Half Life 2 could have gone a lot further with sound than it did, and a game that is of such a high standard elsewhere let itself slip. Still, that air-boat does sound better than the vast majority of racing games.

Mod Scene

The vast number of HL2 related fan web sites seem mostly to do with modifying the game engine to do something else. Because Valve have thoughtfully provided a full set of tools for development and modification of the engine, HL2 is one of the best choices of game to work with if you want to create 'hobby' content.

The Source engine's source code is fairly easy to work with, and once you are past the obstacle of actually building code that links, it's a small step to make interesting modifications to the code. Meanwhile, almost every existing art asset and sound from the game is available for you to use in your own levels.

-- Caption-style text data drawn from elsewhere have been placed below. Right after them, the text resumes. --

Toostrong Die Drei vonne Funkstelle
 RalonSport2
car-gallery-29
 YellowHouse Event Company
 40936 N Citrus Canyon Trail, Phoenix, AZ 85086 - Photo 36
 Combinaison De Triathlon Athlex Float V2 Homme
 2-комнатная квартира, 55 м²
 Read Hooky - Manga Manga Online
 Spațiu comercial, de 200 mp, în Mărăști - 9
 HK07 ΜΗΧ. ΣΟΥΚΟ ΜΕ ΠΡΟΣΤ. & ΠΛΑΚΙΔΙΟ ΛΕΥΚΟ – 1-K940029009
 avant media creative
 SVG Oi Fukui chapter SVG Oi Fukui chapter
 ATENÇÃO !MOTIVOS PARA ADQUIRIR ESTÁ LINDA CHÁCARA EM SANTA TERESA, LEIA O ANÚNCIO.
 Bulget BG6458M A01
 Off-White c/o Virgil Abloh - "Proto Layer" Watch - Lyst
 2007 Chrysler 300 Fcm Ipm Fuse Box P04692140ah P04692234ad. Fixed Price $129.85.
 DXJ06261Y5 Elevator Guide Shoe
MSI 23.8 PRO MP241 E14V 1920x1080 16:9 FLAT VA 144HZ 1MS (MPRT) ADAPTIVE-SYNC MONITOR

The documentation for the Hammer editor leaves something to be desired, though third party efforts cover most of the things you would want to do. There is still a lot that remains unexplained, or only partially understood. If you create something and it doesn't work, it's often very hard to work out what the problem is.

The Hammer editor itself is not the best tool to work with. You really need to create your own custom asset directories or otherwise you waste a lot of time searching for what you need. The 3D editing facilties are weak, and doing anything with sloping surfaces is a tedious and awkward process. The brush based BSP editing style is old fashioned, and unworkable for detailed elements. Trying to model detail into the brushes results in slow and unweildy levels that take forever to compile. An alternative exists, in that you can import pre-fabricated models made in other 3D packages. However, the lack of a properly supported 3DS Max exporter is a continual source of problems.

The pre-fab approach is also quite art intensive and time consuming. Each object has to be custom built, and is rarely reusable. The first few times you try to import an object you will undoubtably encounter scale issues, and when building into complex arrangements, it's often infuriating that you can't import the level into Max so you can position and scale properly before exporting.

Valve themselves suggest a Maya based tool, which you can download for free, as your 3D modelling solution. However, if you are not a paying member of FilePlanet, your chances of ever managing to download it are either slim or fat. The tool should have been part of the Source engine and downloaded through Steam if it was expected to be any sort of standard.

These obstacles aside, the HL2 engine lends itself to a wide variety of modifications and can be used to create many sorts of game with a litte effort. However, it is not a universal engine, and has many limiting factors. The same could be said of Unreal II, etc. but marketing spin tells another story. It's possible to try out Source for free, and I strongly recommend that developers do so before getting involved with Unreal.